> **WORK INSTRUCTIONS**:
Reply with one number: the count of lines in the records below that hold "Screen".

- Opening Delimiter -

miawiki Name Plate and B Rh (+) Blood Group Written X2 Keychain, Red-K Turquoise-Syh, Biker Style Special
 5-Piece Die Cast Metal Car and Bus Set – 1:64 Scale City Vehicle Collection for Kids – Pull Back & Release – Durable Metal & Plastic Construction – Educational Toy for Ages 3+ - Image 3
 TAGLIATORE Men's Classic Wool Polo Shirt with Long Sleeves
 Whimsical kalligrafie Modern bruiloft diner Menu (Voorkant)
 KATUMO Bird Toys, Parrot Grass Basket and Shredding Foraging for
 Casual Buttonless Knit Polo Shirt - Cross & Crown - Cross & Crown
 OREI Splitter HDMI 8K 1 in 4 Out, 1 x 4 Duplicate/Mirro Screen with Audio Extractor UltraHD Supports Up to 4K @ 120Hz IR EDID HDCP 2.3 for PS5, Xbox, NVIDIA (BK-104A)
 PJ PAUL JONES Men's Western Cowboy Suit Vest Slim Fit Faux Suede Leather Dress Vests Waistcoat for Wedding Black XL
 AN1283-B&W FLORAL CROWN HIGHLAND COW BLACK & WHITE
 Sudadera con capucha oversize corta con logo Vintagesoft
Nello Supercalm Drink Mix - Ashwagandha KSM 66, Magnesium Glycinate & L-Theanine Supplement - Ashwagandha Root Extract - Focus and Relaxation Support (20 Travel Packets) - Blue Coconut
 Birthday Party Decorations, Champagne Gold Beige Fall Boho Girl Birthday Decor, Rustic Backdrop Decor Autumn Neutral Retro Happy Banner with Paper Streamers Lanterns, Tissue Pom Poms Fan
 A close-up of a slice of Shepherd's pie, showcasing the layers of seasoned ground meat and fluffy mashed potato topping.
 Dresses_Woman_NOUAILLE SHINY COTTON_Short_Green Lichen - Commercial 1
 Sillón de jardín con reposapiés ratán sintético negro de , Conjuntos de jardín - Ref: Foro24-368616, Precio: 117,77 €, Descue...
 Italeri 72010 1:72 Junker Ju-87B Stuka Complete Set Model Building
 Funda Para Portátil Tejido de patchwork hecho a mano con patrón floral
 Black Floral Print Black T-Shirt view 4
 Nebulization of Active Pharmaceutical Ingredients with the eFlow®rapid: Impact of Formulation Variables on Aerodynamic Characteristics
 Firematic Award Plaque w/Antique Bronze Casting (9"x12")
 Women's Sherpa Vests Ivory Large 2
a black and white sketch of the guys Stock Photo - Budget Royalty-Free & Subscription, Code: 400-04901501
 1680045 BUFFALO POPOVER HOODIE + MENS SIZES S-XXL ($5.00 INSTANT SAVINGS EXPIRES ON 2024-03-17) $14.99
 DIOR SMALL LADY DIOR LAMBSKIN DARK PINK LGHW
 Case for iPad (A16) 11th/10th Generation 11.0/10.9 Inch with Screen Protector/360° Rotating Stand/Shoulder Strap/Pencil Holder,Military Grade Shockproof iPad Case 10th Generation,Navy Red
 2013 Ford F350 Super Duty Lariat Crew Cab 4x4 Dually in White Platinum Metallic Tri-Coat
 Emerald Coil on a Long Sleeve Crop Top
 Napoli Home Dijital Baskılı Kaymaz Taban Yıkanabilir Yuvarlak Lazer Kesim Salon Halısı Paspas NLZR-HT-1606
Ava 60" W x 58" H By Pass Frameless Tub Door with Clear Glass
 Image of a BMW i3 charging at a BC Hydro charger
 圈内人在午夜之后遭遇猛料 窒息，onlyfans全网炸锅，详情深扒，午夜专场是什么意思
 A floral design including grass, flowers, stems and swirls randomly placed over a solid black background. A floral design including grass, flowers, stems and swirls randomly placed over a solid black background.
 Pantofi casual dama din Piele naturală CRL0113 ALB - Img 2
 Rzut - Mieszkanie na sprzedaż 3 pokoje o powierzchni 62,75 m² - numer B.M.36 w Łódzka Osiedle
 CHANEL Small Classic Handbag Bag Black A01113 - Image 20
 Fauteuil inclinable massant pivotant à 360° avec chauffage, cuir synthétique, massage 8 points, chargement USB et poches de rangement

- Closing Delimiter -

> **PROBLEM SOLUTION**:
2